Ses amis lui donnent le surnom de «Florentin» en référence à l'art de l'esquive pratiqué par des gens de la Renaissance comme Laurent le Magnifique ou Machiavel. Nonobstant son action politique, François Mitterrand demeure un personnage romanesque des plus passionnants. Les journalistes Catherine Nay, Jean Montaldo et Pierre Péan ont révélé par touches successives les différentes facettes de son itinéraire.
En 1942, s'étant enfui d'un camp de prisonniers, François Mitterrand renonce à la sécurité au sein de sa famille installée sur la côte méditerranéenne et prend le train pour... Vichy. Comme beaucoup de jeunes ambitieux de sa génération, il entre au service du maréchal Pétain. Il assure un emploi modeste dans un service qui s'occupe de la réinsertion des prisonniers. Le 16 août 1943, il reçoit la Francisque des mains du Maréchal. Il obtient le n°2202 de cette prestigieuse décoration qui a été remise à 3.000 personnes au total.
Début 1943, prévoyant la faillite du nazisme après la défaite de Stalingrad, François Mitterrand met un pied dans la Résistance. Il mène diverses opérations clandestines sous le surnom de Morland. Il bénéficie entre autres de la complicité d'un haut fonctionnaire de la Police, un certain Jean-Paul Martin. Après la guerre, celui-ci le met en relation avec René Bousquet, secrétaire général de la Police sous l'Occupation et principal organisateur de la rafle du Vél d'Hiv, suite à laquelle de nombreux juifs ont été envoyés dans les chambres à gaz.

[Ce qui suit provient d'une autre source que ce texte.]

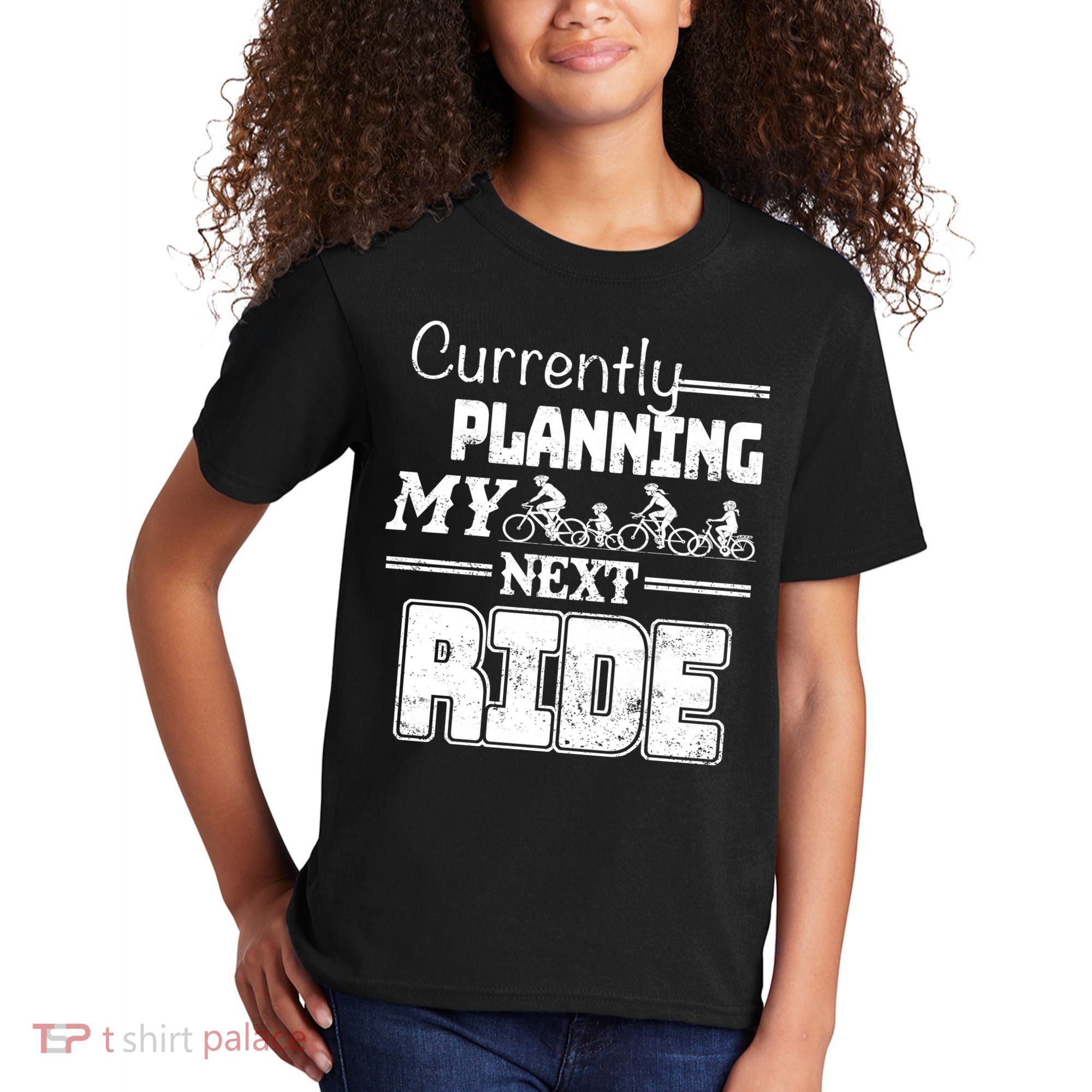 Currently Planning My Next Ride Kids T-Shirt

Pour des raisons obscures, Bousquet est blanchi à la Libération par un tribunal d'exception. Reconverti dans les milieux d'affaires, il va dès lors rendre des services importants à son nouvel ami, François Mitterrand, en finançant une partie de ses campagnes électorales (ainsi Pierre Bergé, ami personnel de l'ancien président et auteur d'une biographie, explique-t-il le lien entre les deux hommes).

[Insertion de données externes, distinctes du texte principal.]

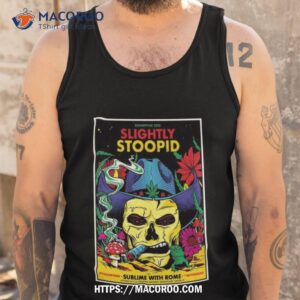 slightly stoopid austin tx july 22 2023 poster shirt tank top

À la Libération, François Mitterrand, à peine âgé de 28 ans, devient ministre des Anciens combattants, puis ministre de la France d'outre-mer et ministre de l'Intérieur dans le cabinet de Mendès France en 1954, quand débute la guerre d'Algérie. Il est ministre de la Justice sous le gouvernement de Guy Mollet, lorsque les militaires reçoivent les pleins pouvoirs à Alger pour mettre fin au terrorisme par tous les moyens.

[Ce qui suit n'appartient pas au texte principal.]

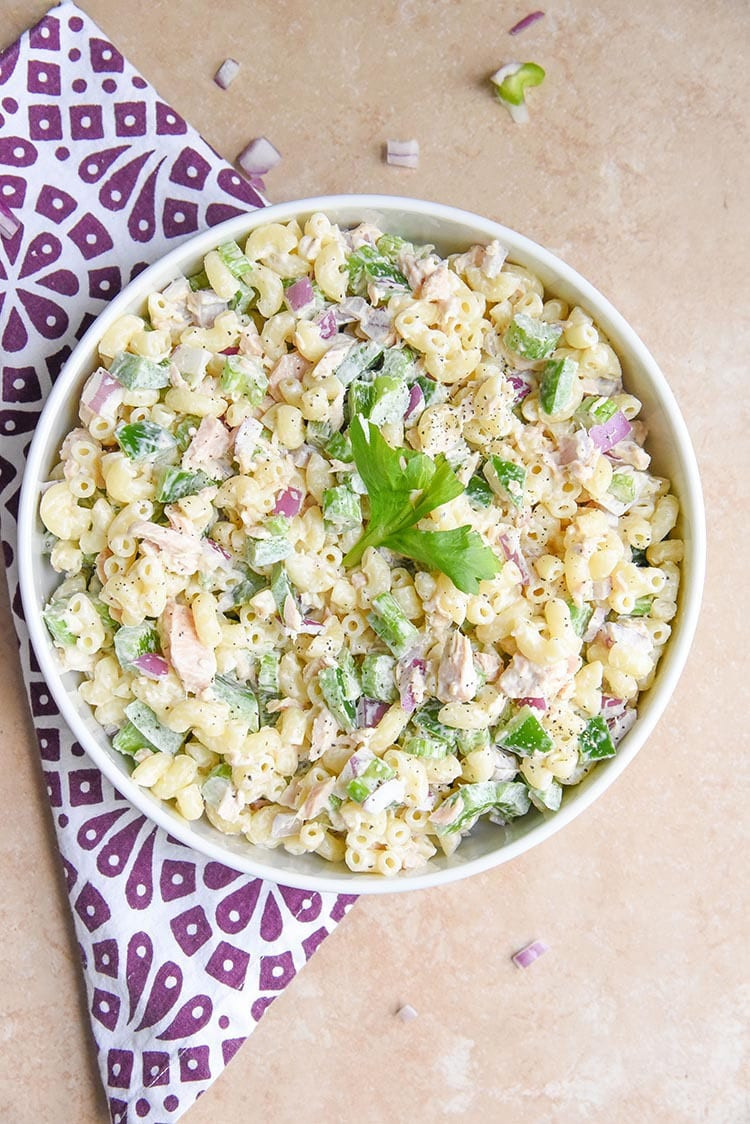 Cold Tuna Pasta Salad
 Tuna Macaroni Salad Courtney s Sweets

Le brillant ministre ne cache pas son espoir d'accéder à la Présidence du Conseil, le poste le plus important sous la IVe République, avant l'âge de 40 ans ! Mais le retour du général de Gaulle aux affaires, en 1958, l'oblige à rentrer dans l'anonymat. En 1959, il organise maladroitement un faux attentat contre sa voiture, avenue de l'Observatoire, à Paris, dans l'espoir de regagner les faveurs de l'opinion publique. L'affaire est heureusement étouffée.
Candidat contre le général de Gaulle aux élection présidentielles de décembre 1965, François Mitterrand se présente comme le champion de l'alternance au gaullisme. C'est ainsi qu'il réunit les partis de gauche autour de son nom, sous l'étiquette de la FGDS (Fédération de la gauche démocrate et socialiste). Il réussit à mettre le Général en ballotage et échoue au second tour avec un résultat honorable d'environ 45% des bulletins.
Ce relatif succès le conduit à fonder le 12 juin 1971, au congrès d'Épinay-sur-Seine, un nouveau parti socialiste sur les ruines de l'ancienne SFIO (Section française de l'Internationale socialiste) de Jean Jaurès et Jules Guesde, discréditée par l'engagement de Guy Mollet dans les guerres coloniales.
François Mitterrand incarne désormais tous les espoirs de la gauche non communiste. Après un échec de justesse aux élections présidentielles de 1974 face à Valéry Giscard d'Estaing, il gagne les élections présidentielles le 10 mai 1981, tirant parti de l'impopularité du président Valéry Giscard d'Estaing et de son lâchage par Jacques Chirac, le chef du parti néogaulliste.